This project focuses on Natural Language Processing (NLP) to perform sentiment analysis on movie reviews. The dataset used consists of 49,459 user reviews that can be either positive or negative. The goal of this project is to create an NLP model that identifies whether a review is positive or negative.
Project Overview:
Initial Approach:
- Model: Logistic Regression;
- Accuracy: Approximately 65% (without preprocessing);
Improved Approach:
- Preprocessing with NLTK:
- Removal of stopwords;
- Removal of punctuation and accents;
- Stemming;
- TF-IDF Vectorization;
- N-grams;
- Final Accuracy: Approximately 88%.
The project focuses on the following:
- Learn fundamental concepts of Natural Language Processing (NLP).
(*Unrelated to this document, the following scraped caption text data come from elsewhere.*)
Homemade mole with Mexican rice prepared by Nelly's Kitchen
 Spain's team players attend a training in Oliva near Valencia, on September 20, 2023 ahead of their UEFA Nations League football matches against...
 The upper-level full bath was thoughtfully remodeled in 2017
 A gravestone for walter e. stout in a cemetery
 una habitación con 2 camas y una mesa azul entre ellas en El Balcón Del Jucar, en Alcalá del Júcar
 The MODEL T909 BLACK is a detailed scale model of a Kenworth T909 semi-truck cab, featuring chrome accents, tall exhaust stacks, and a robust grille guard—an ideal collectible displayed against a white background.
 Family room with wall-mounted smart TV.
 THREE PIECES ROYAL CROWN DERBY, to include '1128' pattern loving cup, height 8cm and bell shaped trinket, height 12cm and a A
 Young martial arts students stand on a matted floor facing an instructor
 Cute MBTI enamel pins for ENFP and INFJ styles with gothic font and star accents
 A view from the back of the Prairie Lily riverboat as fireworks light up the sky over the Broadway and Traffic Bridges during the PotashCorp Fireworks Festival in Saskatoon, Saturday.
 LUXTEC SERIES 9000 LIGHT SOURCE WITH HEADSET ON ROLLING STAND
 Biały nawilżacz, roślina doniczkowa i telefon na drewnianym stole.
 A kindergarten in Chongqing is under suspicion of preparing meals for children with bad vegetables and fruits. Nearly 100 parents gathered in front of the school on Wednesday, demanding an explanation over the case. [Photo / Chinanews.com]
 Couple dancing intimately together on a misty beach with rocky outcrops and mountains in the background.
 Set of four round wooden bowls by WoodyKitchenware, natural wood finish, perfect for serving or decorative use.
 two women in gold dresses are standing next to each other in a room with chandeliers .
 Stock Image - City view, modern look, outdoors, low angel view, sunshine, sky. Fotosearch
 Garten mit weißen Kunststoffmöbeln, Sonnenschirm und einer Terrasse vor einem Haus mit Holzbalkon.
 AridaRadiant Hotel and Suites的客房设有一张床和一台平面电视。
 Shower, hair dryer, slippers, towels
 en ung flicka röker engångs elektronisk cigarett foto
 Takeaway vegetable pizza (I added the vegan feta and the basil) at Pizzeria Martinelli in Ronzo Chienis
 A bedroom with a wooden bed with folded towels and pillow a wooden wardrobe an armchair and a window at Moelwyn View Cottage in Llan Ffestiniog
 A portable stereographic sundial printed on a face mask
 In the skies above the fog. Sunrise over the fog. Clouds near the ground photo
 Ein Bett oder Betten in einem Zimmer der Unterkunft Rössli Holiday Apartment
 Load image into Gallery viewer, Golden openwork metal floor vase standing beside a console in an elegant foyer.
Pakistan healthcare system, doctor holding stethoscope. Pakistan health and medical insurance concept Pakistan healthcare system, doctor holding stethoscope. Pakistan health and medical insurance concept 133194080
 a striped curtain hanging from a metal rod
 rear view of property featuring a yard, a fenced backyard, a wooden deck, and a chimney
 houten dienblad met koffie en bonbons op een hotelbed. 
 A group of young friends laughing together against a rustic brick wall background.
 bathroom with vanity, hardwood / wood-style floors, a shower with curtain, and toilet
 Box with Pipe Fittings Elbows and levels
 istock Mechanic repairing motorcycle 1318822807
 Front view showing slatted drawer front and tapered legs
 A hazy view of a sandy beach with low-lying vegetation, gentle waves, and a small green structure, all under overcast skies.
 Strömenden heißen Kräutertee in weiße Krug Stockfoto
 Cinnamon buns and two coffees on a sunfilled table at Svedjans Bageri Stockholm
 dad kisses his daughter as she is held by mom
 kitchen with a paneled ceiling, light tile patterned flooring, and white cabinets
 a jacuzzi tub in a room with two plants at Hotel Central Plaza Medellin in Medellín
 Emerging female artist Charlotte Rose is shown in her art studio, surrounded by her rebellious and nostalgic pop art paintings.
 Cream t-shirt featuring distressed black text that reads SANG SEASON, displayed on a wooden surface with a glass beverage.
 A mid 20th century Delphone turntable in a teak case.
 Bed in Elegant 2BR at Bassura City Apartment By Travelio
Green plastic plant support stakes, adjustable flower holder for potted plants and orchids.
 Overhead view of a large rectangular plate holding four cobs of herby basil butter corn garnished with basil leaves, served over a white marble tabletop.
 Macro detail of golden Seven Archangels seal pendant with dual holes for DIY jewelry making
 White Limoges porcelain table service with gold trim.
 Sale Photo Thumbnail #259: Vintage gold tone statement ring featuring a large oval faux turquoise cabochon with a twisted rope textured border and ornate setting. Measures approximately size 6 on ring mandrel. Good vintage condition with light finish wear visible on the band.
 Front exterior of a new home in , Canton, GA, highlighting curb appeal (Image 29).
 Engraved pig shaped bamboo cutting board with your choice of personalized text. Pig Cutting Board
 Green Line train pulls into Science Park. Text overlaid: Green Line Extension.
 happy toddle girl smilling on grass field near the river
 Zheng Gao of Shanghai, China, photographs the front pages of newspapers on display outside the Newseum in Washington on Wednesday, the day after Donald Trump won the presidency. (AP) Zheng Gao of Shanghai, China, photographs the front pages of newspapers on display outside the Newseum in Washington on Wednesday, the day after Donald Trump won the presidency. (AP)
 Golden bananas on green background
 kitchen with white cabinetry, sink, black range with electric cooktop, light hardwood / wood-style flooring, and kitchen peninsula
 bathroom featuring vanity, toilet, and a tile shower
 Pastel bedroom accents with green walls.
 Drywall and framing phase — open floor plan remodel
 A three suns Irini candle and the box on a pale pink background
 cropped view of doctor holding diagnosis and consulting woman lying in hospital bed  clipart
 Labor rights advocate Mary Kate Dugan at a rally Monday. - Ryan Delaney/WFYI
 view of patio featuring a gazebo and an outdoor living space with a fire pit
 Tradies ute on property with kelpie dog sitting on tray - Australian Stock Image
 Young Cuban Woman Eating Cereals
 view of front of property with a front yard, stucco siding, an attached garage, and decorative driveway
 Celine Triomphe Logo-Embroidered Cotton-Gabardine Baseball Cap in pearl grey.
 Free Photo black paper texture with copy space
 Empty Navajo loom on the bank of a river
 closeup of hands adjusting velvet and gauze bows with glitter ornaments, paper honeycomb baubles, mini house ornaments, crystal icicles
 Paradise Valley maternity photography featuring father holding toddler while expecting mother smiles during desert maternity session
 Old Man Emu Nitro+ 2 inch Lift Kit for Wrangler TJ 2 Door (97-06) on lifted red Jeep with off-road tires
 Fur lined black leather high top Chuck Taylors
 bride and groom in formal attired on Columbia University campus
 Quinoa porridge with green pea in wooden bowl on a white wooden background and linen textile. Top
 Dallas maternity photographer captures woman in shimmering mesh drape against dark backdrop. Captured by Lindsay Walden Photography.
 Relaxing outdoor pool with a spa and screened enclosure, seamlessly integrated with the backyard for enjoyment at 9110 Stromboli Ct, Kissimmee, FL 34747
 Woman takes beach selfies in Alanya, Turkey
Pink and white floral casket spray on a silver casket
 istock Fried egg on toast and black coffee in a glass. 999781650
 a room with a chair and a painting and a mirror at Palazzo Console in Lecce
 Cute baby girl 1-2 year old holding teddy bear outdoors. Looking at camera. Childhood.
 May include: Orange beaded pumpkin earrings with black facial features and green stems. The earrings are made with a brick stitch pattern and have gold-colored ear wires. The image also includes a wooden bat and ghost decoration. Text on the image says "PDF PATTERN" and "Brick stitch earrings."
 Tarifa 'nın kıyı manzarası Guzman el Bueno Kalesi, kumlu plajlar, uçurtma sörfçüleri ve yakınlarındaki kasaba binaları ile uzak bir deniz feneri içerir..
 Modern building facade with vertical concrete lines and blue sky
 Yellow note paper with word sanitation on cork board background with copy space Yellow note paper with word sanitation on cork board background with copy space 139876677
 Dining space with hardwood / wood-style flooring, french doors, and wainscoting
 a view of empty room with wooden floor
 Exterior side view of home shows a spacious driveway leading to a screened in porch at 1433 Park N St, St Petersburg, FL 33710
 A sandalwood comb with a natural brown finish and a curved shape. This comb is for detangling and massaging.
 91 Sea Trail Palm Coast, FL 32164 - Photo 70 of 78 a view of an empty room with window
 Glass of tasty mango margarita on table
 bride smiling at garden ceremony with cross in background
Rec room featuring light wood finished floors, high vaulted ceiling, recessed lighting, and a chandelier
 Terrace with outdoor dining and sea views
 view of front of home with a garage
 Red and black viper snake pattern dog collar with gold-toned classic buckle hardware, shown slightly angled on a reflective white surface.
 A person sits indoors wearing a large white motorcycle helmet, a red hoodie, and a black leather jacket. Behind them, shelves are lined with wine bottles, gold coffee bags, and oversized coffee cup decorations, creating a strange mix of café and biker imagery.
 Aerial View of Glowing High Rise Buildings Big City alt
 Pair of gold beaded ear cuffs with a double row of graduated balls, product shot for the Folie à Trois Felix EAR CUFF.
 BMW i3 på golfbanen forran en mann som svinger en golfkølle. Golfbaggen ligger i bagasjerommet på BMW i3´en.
- Perform automated Sentiment Analysis.
- Develop an architecture for sentiment classification.
- Create visualizations to facilitate the analysis of textual data.
- Start using NLTK, one of the main Python libraries for NLP.
- Learn best practices for NLP.
- Improve classification results by normalizing texts.
- Learn how to use TF-IDF and n-grams to improve classification.
- Understand how text normalization improves data visualization.
- Advance in using the NLTK library.
- Learn to use SKlearn resources to optimize classification.